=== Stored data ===
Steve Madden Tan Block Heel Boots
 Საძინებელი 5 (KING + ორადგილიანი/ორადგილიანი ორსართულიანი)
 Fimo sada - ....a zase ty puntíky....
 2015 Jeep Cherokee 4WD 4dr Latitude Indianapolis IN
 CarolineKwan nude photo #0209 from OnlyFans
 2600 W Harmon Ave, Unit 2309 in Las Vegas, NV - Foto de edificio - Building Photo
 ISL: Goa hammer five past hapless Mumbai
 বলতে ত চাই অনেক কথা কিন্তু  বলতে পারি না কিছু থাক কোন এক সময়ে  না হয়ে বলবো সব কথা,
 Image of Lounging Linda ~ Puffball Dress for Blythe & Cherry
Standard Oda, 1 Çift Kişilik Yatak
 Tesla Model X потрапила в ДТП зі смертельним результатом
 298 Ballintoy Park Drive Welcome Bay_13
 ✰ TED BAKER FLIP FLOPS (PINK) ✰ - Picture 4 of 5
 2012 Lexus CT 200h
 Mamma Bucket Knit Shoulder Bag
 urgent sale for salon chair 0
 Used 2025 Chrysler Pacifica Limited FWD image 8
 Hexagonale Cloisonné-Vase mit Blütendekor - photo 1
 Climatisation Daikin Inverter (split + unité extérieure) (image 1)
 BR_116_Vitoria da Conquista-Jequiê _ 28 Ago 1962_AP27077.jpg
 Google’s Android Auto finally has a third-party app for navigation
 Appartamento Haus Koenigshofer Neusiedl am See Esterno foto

=== Task statement ===
Reproduce all of the entries word for word. Omit nothing.

=== Result of the task ===
Steve Madden Tan Block Heel Boots
 Საძინებელი 5 (KING + ორადგილიანი/ორადგილიანი ორსართულიანი)
 Fimo sada - ....a zase ty puntíky....
 2015 Jeep Cherokee 4WD 4dr Latitude Indianapolis IN
 CarolineKwan nude photo #0209 from OnlyFans
 2600 W Harmon Ave, Unit 2309 in Las Vegas, NV - Foto de edificio - Building Photo
 ISL: Goa hammer five past hapless Mumbai
 বলতে ত চাই অনেক কথা কিন্তু  বলতে পারি না কিছু থাক কোন এক সময়ে  না হয়ে বলবো সব কথা,
 Image of Lounging Linda ~ Puffball Dress for Blythe & Cherry
Standard Oda, 1 Çift Kişilik Yatak
 Tesla Model X потрапила в ДТП зі смертельним результатом
 298 Ballintoy Park Drive Welcome Bay_13
 ✰ TED BAKER FLIP FLOPS (PINK) ✰ - Picture 4 of 5
 2012 Lexus CT 200h
 Mamma Bucket Knit Shoulder Bag
 urgent sale for salon chair 0
 Used 2025 Chrysler Pacifica Limited FWD image 8
 Hexagonale Cloisonné-Vase mit Blütendekor - photo 1
 Climatisation Daikin Inverter (split + unité extérieure) (image 1)
 BR_116_Vitoria da Conquista-Jequiê _ 28 Ago 1962_AP27077.jpg
 Google’s Android Auto finally has a third-party app for navigation
 Appartamento Haus Koenigshofer Neusiedl am See Esterno foto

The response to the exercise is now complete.